Cyber Integrity’s Risk Analytics supports this need through a topological view showing all assets and system connectivity relationships. Current risk levels, based on NVD (National Vulnerability Database) score and an asset’s role, are indicated for each asset and end users can easily see how an attack might propagate to other assets. For example, they can visualize how an attacker can use a compromised asset, such as an engineering workstation, to pivot through the OT environment and put critical assets, such as the DCSs and SISs, at risk.
Cyber Integrity Risk Analytics can help managers maintain awareness of plant security risks. Likewise, it can help security teams direct and monitor critical security management activities. Users can also drill down from the topological map to view complete documentation for each asset. This includes current vulnerabilities, configuration information, and complete change histories.

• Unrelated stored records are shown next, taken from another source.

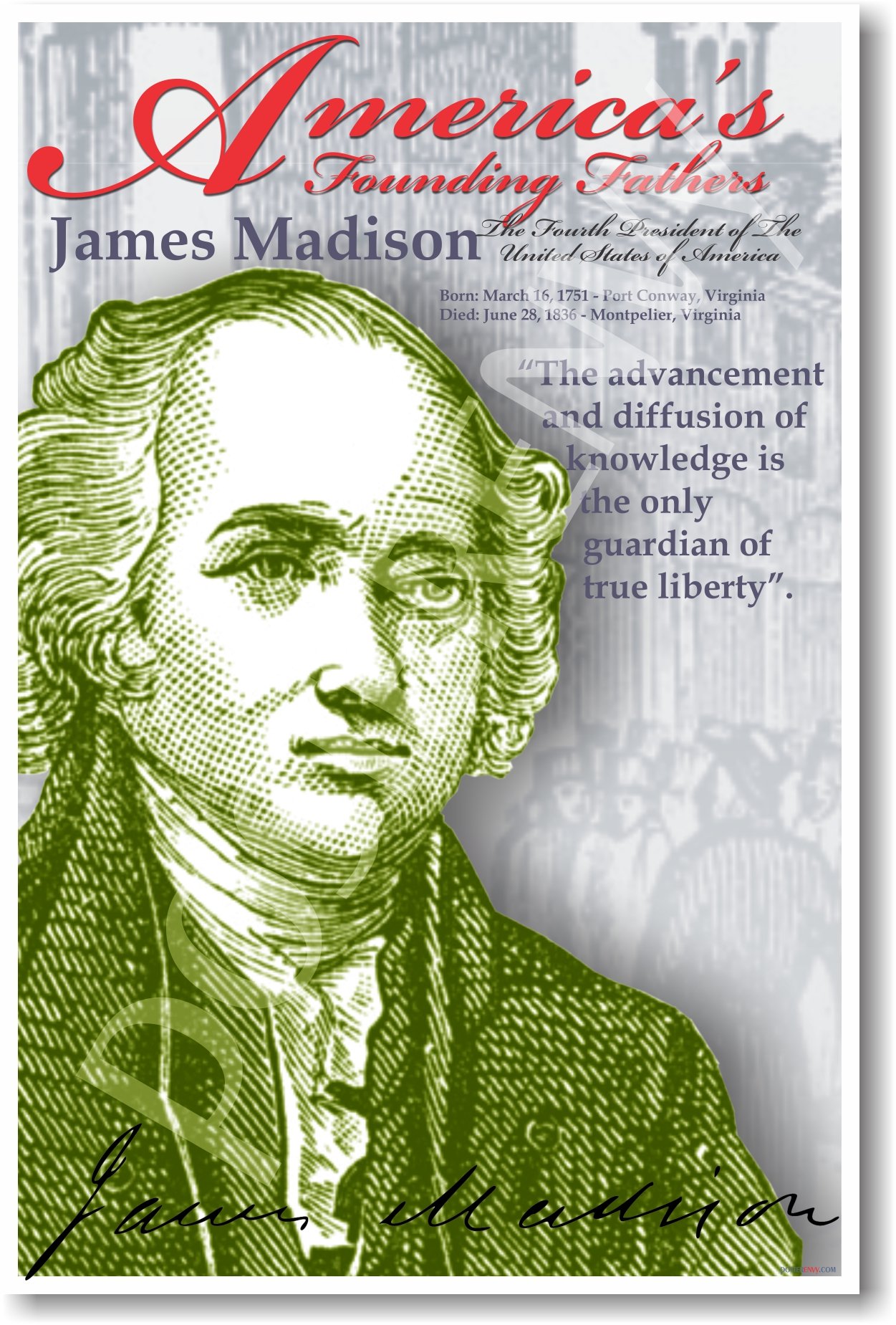 James Madison Classroom Poster - Educational Founding Fathers History Decor for US History Teachers & Students | Perfect for School, Homeschool & History Classrooms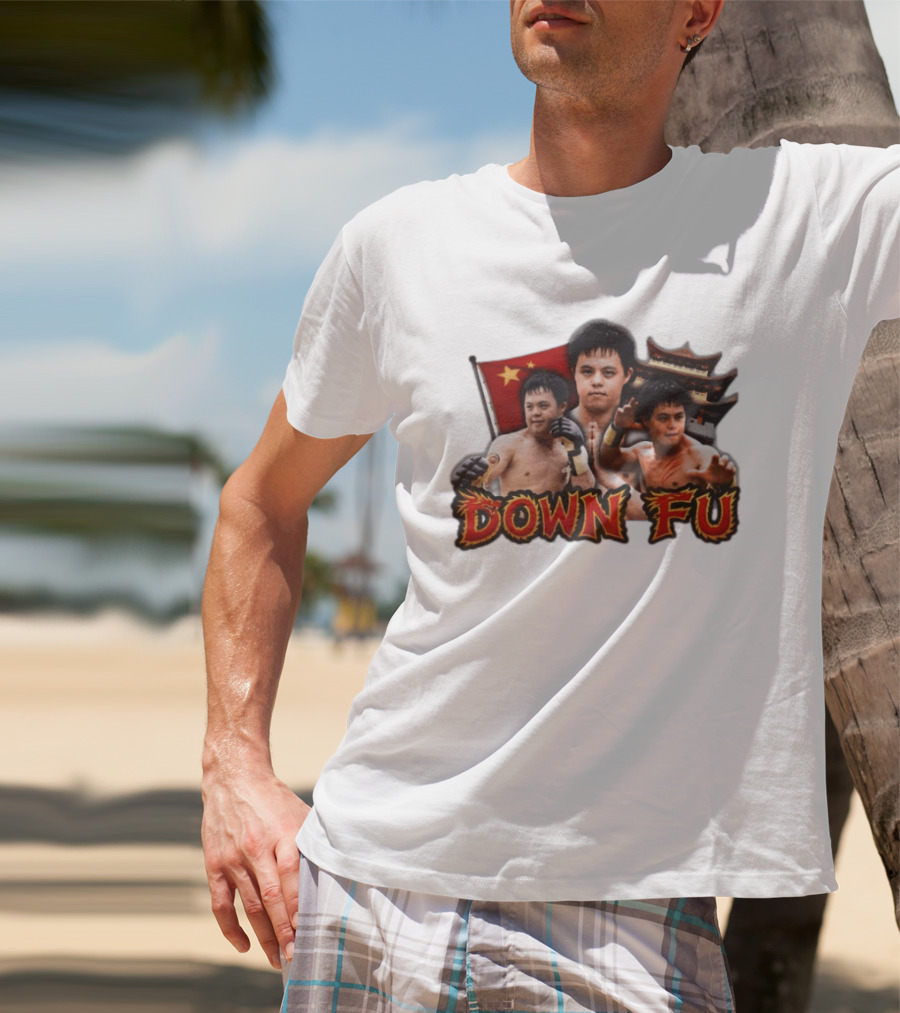 Down Fu Martial Arts Style With Fighters And Chinese Pagoda T-Shirt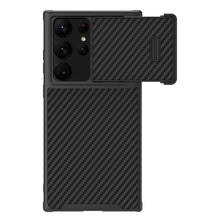 Заредете изображение във визуализатора на галерията – Nillkin Synthetic Fiber S Case for Samsung Galaxy S23 Ultra cover camera cover black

Time is of the essence when an incident occurs in an industrial environment. Responders need quick access to complete system information to isolate, remediate, and restore operations. Often, IT and even OT teams believe mistakenly that level 1 and 0 systems are immune from compromise due to their proprietary nature. The reality is that these assets have been targeted and compromised. Malicious changes to configurations and programming can impact safety, environmental, and operational goals. Detecting and removing such changes is critically important.
Every industrial company needs a solid foundation of basic cybersecurity practices including asset inventories, vulnerability management, change detection, and risk visibility. Lack of resources prevent many companies from achieving this basic goal. Automating these activities by using appropriate security management technology is the best way to lessen the load. ARC recommends that all industrial companies consider software like Cyber Integrity as a foundational element of a defense-in-depth cybersecurity strategy.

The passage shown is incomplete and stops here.